C’est en région parisienne que ces installations se font en premier, dans des locaux "permettant la confidentialité, mais assez vastes pour accueillir les femmes en respectant les mesures barrières".
Dès cette semaine, un de ces points a été installé dans le Val d’Oise. Ensuite, le dispositif devrait être déployé à Dijon, Rennes, Lyon... Avec l’objectif d’atteindre "une vingtaine de points dans les prochaines semaines".
 

Mais pas forcément en Corse. “Ces points sont mis en place sur le continent par un gestionnaire de centres commerciaux. Cela implique d’avoir des locaux, du personnel.... En Corse, il faut voir si c’est possible, car cela nécessite, pour accueillir ces femmes dans ce cadre, un investissement des associations spécialisées qui sont déjà sollicitées et n’ont que de très faibles effectifs”, indique Dominique Nadaud.
 

Financement de nuitées pour favoriser la décohabitation

En revanche, la Corse va bien bénéficier du million d’euros débloqués par le gouvernement pour aider les associations sur le terrain, mais aussi des fonds prévus pour financer des nuitées d'hôtel et ainsi éloigner les femmes des hommes violents.
Au niveau national, il est question de 20 000 nuitées.
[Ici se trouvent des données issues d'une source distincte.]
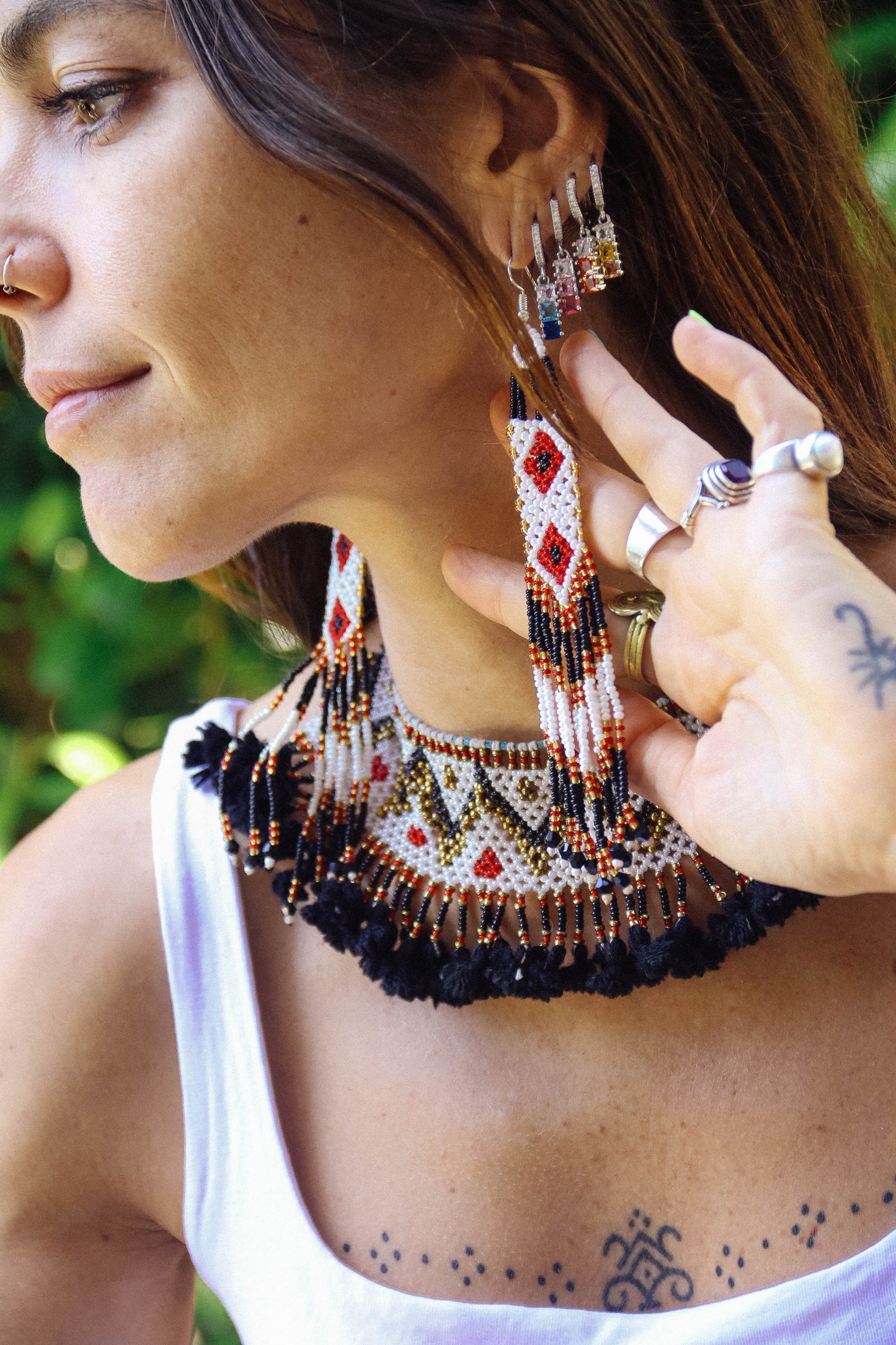Collana di perline fatta a mano #026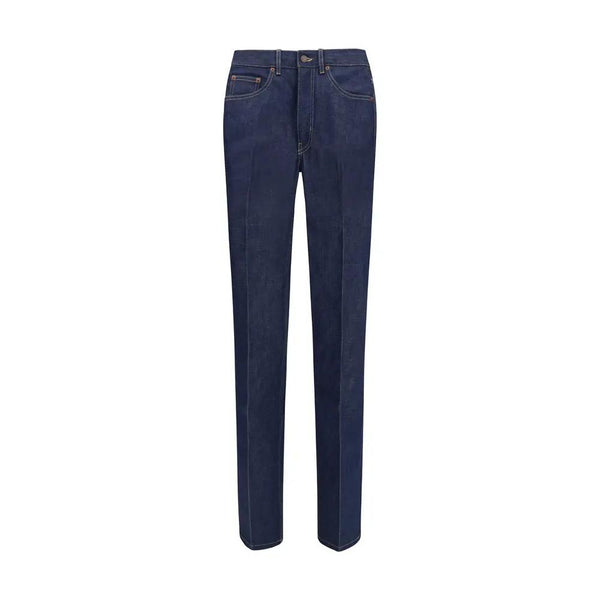 Chloé Blue Cotton Slim Fit Jeans by Chloé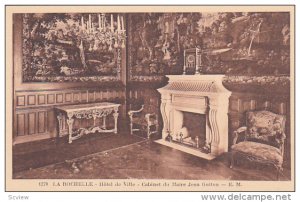 La Rochelle , France , 1910-20s ; L´Hotel de Ville - Cabinet du Maire Jean G...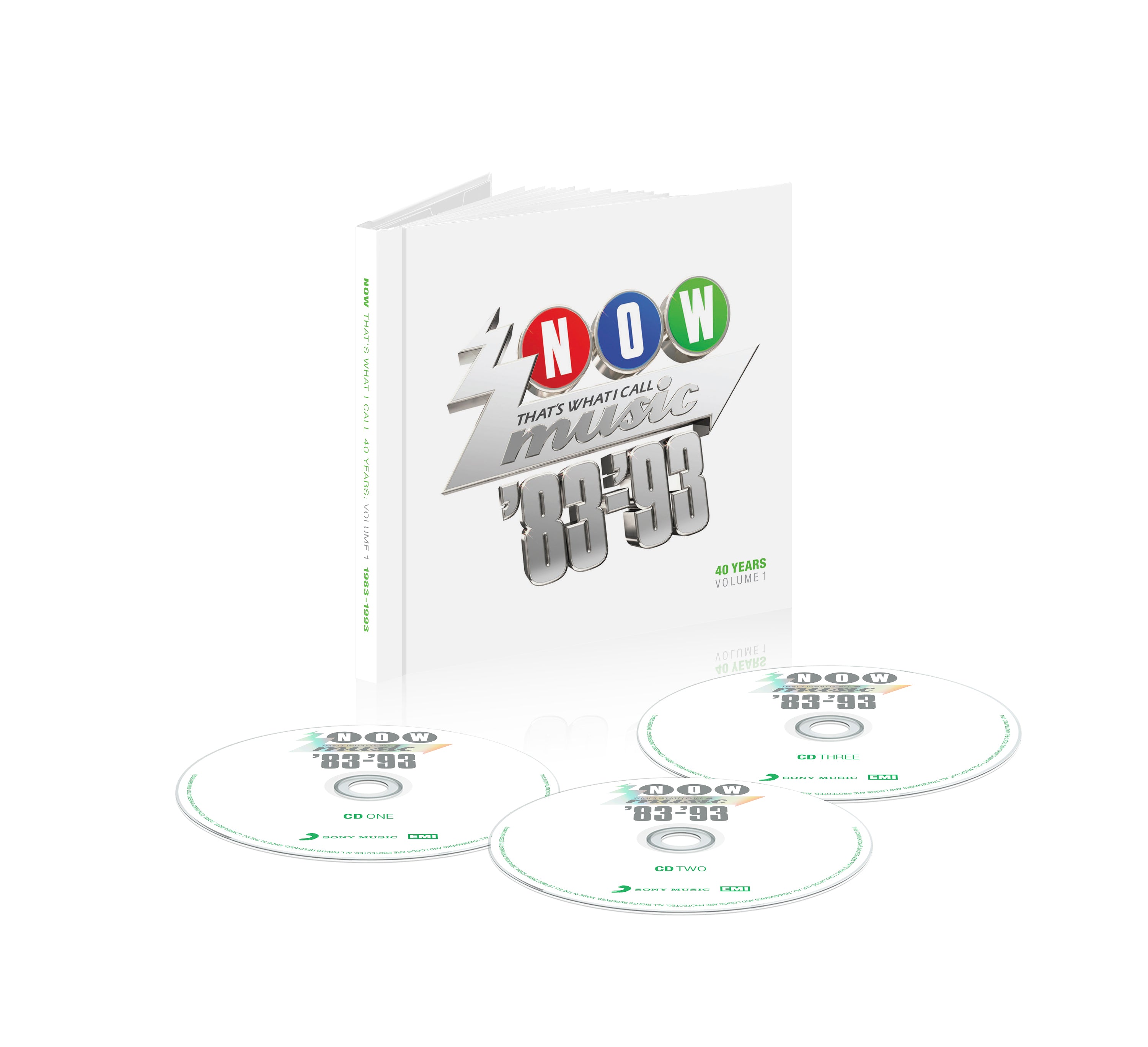 Various Artists - NOW That's What I Call 40 Years: Volume 1 - 1983-1993 (3CD).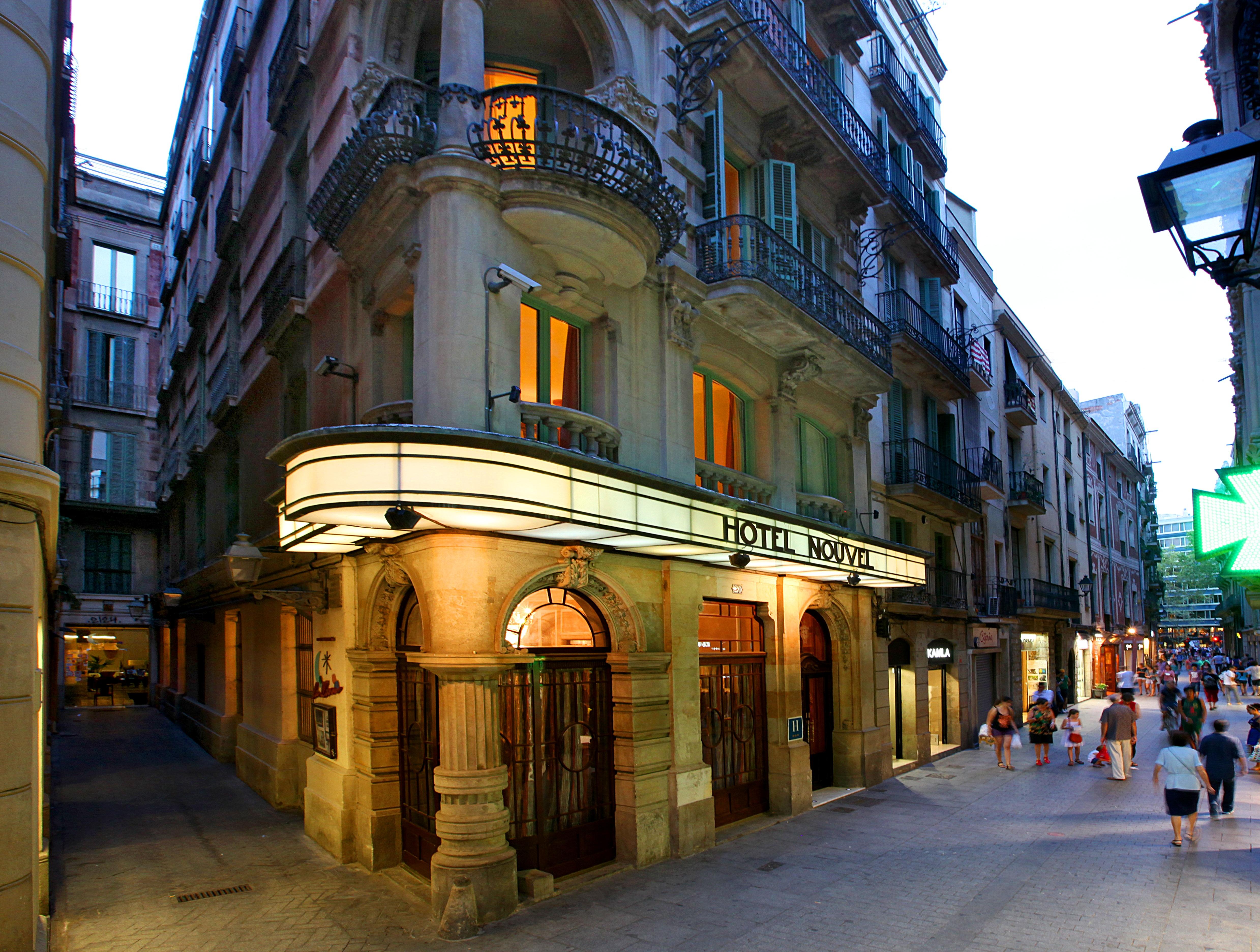 Hotel Nouvel Barcelona Exterior foto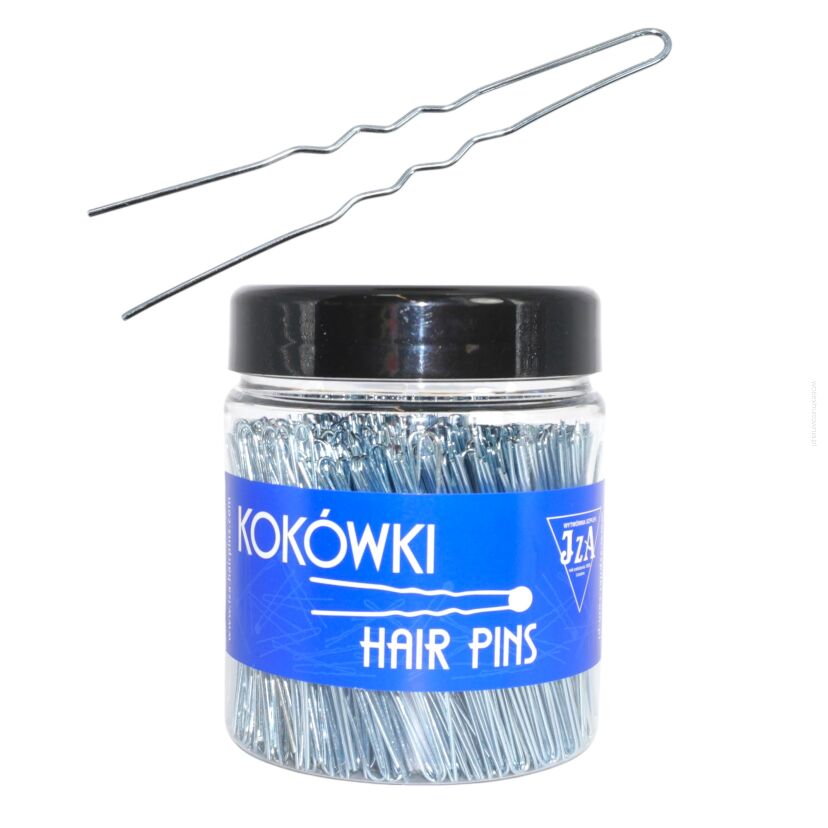 KOKÓWKA FRYZJERSKA SREBRNA KARBOWANA 7.5 CM 500G                                     (B375/G)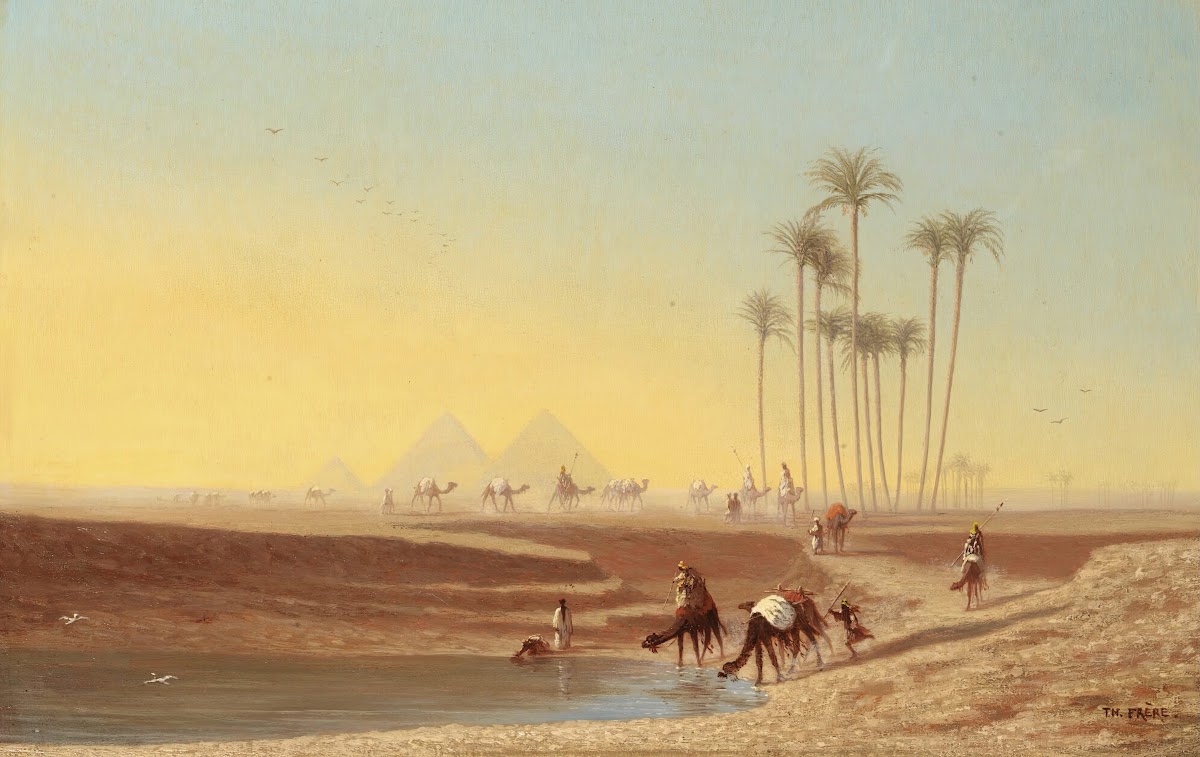 Oasis Pres Des Pyramides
“L’idée, et c’est ce qui est nouveau au-delà du financement, c’est de privilégier la décohabitation. Cela veut dire que ces nuitées d’hôtels peuvent être utilisées pour la victime, femme et enfants, ou bien pour l’auteur des violences. Car il ne s’agit pas de le laisser à la rue dans ce contexte, mais de l’évincer du domicile, si c’est la meilleure solution pour les victimes”

Empêcher le huis-clos familial de devenir un enfer, sans déroger au confinement... 
Une gageure pour tous les foyers; une question de survie là où les abus et la violence ont déjà fait leur lit.



L'année dernière, nous avions recueilli le témoignage de victimes de violences conjugales :
 


 
Informations utiles
Pour signaler des violences conjugales ou appelez à l’aide vous pouvez composer le 17, le 112, mais aussi le 3919, ou encore le 119 pour les violences concernant les enfants.
Ou envoyer un sms au 114.
Numéro vert régional (Cidff Haute-Corse) 24 heures/24 tous les jours, anonyme et gratuit : 0800 400 235
Numéro vert mis en place la collectivité de Corse pour signaler des violences conjugales pendant le confinement 0 800 084 185

Prise en charge médicale 24 H/24 et 7Jours/7
Unité hospitalière mobile dédiée aux violences sexistes et sexuelles du CH de Bastia
Maintien des suivis par téléphone. Les consultations se font sur sites délocalisés et selon les besoins :
au commissariat de Bastia
dans les brigades de gendarmerie
dans chaque PTS (Pôle Territorial Social ex Utis) de la CDC : Ile-Rousse,Lucciana, Bastia, Ghisonaccia, Moriani, Corte
à la DDCSPP2b si nécessaire
Contacts :
Par téléphone:  06.06.84.31.08.89 et  06.19.85.59.83
par courriel : dr.balle@orange.fr et unite.lutte.violence@ch-bastia.fr

Si vous êtes témoin ou victime, vous pouvez également effectuer un signalement sur la plate forme gratuite et anonyme : arretons.les violences.gouv.fr.